→ Work to complete:
The listing below holds a line with "Commercial 6-Hole Stainless" and a line with "月伊布 - 夜光石立牌". Reproduce those two lines exactly, plus everything between them.

→ Task input:
▼

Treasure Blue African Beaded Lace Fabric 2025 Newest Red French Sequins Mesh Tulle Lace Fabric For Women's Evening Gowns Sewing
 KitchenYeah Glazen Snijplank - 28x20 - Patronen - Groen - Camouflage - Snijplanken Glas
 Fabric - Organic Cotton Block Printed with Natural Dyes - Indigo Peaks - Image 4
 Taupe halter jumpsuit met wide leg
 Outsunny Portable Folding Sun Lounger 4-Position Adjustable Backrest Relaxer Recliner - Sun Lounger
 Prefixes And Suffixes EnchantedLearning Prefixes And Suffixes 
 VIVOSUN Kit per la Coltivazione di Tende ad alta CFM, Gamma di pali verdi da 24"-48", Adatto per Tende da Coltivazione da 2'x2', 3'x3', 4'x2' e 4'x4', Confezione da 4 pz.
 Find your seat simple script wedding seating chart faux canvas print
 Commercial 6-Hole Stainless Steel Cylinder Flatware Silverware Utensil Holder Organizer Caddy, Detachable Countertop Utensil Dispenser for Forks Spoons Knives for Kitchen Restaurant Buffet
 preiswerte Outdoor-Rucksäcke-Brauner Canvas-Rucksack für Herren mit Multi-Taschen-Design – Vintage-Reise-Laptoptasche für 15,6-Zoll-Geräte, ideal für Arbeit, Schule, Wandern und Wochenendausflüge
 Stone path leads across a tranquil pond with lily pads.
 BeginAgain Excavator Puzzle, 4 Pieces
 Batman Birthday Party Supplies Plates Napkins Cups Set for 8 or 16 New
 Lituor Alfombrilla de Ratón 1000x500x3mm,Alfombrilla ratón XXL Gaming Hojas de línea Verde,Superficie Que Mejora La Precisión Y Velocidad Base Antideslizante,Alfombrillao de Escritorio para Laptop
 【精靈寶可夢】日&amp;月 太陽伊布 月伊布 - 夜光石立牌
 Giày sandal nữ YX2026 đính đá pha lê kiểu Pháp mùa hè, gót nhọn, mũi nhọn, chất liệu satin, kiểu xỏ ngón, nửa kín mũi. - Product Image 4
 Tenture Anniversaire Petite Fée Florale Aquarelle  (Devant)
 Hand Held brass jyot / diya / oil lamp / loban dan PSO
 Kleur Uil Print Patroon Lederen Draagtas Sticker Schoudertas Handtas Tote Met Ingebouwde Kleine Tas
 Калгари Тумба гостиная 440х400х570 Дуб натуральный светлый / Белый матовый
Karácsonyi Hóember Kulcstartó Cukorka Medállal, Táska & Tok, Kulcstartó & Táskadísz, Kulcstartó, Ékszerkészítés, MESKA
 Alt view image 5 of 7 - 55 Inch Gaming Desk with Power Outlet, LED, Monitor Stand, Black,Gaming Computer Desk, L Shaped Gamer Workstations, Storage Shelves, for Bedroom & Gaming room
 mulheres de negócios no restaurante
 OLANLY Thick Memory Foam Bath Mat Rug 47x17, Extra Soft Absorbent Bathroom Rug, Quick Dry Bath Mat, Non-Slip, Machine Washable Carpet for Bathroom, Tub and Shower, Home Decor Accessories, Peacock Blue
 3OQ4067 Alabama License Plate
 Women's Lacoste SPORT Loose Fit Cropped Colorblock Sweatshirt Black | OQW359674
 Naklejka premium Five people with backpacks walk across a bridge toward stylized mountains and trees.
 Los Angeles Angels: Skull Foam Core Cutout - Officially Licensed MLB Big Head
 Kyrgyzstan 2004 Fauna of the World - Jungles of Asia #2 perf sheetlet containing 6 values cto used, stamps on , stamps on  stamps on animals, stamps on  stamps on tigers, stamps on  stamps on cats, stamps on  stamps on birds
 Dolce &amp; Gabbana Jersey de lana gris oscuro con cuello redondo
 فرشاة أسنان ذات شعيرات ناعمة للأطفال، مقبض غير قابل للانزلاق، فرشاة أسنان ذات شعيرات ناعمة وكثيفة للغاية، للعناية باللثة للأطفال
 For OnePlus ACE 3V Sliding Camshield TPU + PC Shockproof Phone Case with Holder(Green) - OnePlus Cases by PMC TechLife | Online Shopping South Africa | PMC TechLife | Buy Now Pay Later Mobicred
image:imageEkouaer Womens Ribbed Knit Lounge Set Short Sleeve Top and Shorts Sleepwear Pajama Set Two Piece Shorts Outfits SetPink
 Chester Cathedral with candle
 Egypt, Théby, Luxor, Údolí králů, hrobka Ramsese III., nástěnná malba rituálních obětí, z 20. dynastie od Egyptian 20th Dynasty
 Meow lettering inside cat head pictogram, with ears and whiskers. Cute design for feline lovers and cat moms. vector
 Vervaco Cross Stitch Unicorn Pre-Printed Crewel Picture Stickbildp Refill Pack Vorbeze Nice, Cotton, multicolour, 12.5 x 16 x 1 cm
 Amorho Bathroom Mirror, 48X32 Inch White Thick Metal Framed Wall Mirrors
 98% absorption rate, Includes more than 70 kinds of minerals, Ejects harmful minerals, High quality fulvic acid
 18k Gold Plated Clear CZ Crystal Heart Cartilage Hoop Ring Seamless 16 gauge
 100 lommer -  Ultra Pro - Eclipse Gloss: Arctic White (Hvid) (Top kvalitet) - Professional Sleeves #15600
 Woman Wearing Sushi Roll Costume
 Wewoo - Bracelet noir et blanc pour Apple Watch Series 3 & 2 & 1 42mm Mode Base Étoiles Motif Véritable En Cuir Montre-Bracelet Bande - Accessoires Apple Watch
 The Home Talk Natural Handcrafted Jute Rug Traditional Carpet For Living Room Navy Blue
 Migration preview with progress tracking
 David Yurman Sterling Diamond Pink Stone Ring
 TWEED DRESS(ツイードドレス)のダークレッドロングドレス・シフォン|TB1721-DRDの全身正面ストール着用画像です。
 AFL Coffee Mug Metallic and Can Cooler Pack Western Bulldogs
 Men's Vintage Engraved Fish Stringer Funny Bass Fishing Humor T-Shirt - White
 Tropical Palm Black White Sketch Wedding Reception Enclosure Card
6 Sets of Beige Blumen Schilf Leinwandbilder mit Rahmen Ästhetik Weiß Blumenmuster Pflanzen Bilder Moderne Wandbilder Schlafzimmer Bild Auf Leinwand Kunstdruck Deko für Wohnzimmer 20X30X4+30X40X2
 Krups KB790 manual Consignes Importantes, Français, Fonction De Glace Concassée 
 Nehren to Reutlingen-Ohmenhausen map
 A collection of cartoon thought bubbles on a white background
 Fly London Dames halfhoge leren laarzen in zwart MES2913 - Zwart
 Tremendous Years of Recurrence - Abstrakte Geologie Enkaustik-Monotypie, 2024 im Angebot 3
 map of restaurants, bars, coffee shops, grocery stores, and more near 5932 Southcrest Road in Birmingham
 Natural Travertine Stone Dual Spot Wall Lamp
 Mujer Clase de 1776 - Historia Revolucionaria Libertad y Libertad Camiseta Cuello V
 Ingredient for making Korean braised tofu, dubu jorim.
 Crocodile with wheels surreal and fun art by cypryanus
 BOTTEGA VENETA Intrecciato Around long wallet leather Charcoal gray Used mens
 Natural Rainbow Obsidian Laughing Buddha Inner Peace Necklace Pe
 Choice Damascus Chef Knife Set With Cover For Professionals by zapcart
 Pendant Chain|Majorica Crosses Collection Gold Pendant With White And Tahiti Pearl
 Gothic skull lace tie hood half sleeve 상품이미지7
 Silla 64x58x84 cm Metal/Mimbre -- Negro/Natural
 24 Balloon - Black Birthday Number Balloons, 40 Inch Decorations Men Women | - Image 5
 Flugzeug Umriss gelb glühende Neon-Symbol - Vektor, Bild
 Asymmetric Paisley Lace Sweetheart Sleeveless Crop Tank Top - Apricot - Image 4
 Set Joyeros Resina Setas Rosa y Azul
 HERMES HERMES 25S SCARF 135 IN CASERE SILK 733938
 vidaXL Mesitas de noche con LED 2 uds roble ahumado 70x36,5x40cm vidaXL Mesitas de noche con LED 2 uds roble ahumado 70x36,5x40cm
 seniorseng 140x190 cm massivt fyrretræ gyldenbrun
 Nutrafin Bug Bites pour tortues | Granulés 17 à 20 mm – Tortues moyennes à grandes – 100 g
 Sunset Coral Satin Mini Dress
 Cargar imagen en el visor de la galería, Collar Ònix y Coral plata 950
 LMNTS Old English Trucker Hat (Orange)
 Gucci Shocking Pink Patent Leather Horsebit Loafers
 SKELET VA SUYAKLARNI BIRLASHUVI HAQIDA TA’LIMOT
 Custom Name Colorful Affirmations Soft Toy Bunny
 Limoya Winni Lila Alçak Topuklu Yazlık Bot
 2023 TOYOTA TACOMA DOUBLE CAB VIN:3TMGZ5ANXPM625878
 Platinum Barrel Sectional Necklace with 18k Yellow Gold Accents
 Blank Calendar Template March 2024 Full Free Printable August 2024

▲

→ Output of the task:
 Commercial 6-Hole Stainless Steel Cylinder Flatware Silverware Utensil Holder Organizer Caddy, Detachable Countertop Utensil Dispenser for Forks Spoons Knives for Kitchen Restaurant Buffet
 preiswerte Outdoor-Rucksäcke-Brauner Canvas-Rucksack für Herren mit Multi-Taschen-Design – Vintage-Reise-Laptoptasche für 15,6-Zoll-Geräte, ideal für Arbeit, Schule, Wandern und Wochenendausflüge
 Stone path leads across a tranquil pond with lily pads.
 BeginAgain Excavator Puzzle, 4 Pieces
 Batman Birthday Party Supplies Plates Napkins Cups Set for 8 or 16 New
 Lituor Alfombrilla de Ratón 1000x500x3mm,Alfombrilla ratón XXL Gaming Hojas de línea Verde,Superficie Que Mejora La Precisión Y Velocidad Base Antideslizante,Alfombrillao de Escritorio para Laptop
 【精靈寶可夢】日&amp;月 太陽伊布 月伊布 - 夜光石立牌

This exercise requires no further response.